How to solve this functional problem?

Question

I am new to calculus of variations, till now I know how to get the extremal functions for a given functional using Euler-Lagrange equation.

What if I have a functional but I am not looking for minimizing/maximizing it, but instead solving equations involving functionals, say: $$I = \int_{x_{1}}^{x_2}{F(x,y,y') \,\mathrm{d}x}=\alpha\quad \,,\text{for }\alpha\in \mathbb{R}$$ How to solve for $y(x)$ that satisfy this equation? can I transform it to a classical problem then solve it using Euler-Lagrange equation?

EDIT: for example say, we have the following problem : $$I = \int_{0}^{1}{\left(f(x)+2f'(x)\right) \, \mathrm{d}x}= 1/2$$

I appreciate any ideas,

Thank you

Answer 1

You can rig this to have unique solutions for very particular $\alpha$ (e.g. $F = (y-f)^2$, $\alpha = 0$ has unique solution $y=f$) but in general you should expect a large family of solutions.

Intuitively this is because the space of functions is much bigger than the space of possible values of the functional $J(y)=\int F[y]$, so $J$ can't be anything close to injective.

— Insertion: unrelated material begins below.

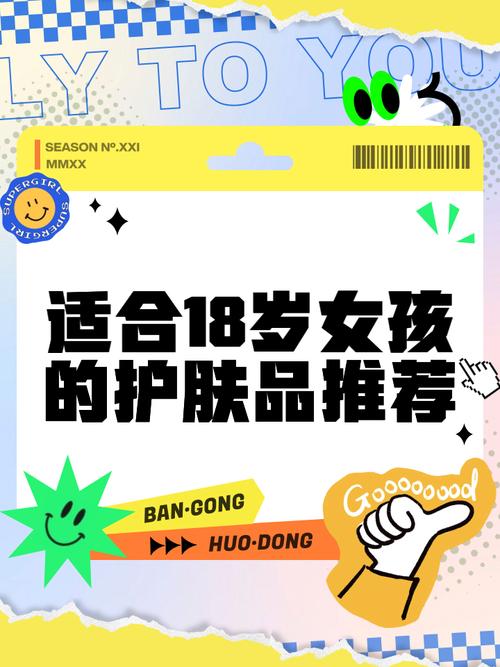 18岁护肤选什么?年轻肌适合哪些产品?-图3 18岁护肤选什么?年轻肌适合哪些产品?-图3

Making this rigorous isn't quite as simple as a cardinality argument (since e.g. $C^1([0,1])$ has the same cardinality as $\mathbb R$), but reasonable requirements on $F$ will make $J$ a differentiable map when restricted to a finite-dimensional space of functions. Sard's theorem then tells you that $J(y)=\alpha$ has multiple solutions (or no solution) for almost every $\alpha$, even amongst a 2-parameter family of functions $y$.

This shouldn't be too surprising - prescribing the value of the functional (a single real number) is much less information than prescribing the derivative of the functional (an element of some infinite-dimensional function space).

Another way of putting it: You're prescribing some kind of average of $y$, but not the local behaviour.

Answer 2

Suppose we have a point particle of mass $m$ moving along the $y$ axis. The Lagrangian is the difference between the kinetic ($K$) and potential ($U$) energies

$$\mathcal{L} (y, \dot y) := K - U = \frac{1}{2} m \dot y^2 - m g y$$

and the action is the functional

$$S (y) := \int_0^T \mathcal{L} (y, \dot y) \, \mathrm{d}t$$

The Euler-Lagrange equation gives us the 2nd order differential equation $\ddot y = -g$. However, suppose we have the equality constraint

$$\int_0^T \mathcal{L} (y, \dot y) \, \mathrm{d}t = S_0$$

which can be rewritten in the form

$$\frac{S_0}{T} = \left(\frac{1}{T} \int_0^T \frac{1}{2} m \dot y^2 \, \mathrm{d}t \right)- \left(\frac{1}{T} \int_0^T m g y \, \mathrm{d}t \right) = \langle K \rangle - \langle U \rangle$$

where $\langle K \rangle$ and $\langle U \rangle$ are the average kinetic and potential energies, respectively. Thus, the equality constraint merely imposes a constraint on the average kinetic and potential energies.